"""
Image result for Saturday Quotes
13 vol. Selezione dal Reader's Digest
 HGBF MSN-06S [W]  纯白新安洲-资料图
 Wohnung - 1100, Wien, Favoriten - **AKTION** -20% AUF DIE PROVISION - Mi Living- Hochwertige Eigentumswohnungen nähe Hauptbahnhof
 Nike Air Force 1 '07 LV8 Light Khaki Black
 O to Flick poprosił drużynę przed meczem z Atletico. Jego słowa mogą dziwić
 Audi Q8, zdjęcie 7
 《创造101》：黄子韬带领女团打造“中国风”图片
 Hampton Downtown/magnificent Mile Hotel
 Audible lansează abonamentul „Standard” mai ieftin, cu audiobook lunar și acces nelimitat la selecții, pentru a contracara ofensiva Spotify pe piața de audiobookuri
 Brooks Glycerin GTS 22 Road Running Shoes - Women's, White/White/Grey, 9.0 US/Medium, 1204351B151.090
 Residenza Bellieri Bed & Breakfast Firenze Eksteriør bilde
"""
GOAL OF THE EXERCISE:
In the answer, restate word for word each line from the one with "Wohnung - 1100, Wien, Favoriten" through the end of the material above.

ANSWER AREA:
 Wohnung - 1100, Wien, Favoriten - **AKTION** -20% AUF DIE PROVISION - Mi Living- Hochwertige Eigentumswohnungen nähe Hauptbahnhof
 Nike Air Force 1 '07 LV8 Light Khaki Black
 O to Flick poprosił drużynę przed meczem z Atletico. Jego słowa mogą dziwić
 Audi Q8, zdjęcie 7
 《创造101》：黄子韬带领女团打造“中国风”图片
 Hampton Downtown/magnificent Mile Hotel
 Audible lansează abonamentul „Standard” mai ieftin, cu audiobook lunar și acces nelimitat la selecții, pentru a contracara ofensiva Spotify pe piața de audiobookuri
 Brooks Glycerin GTS 22 Road Running Shoes - Women's, White/White/Grey, 9.0 US/Medium, 1204351B151.090
 Residenza Bellieri Bed & Breakfast Firenze Eksteriør bilde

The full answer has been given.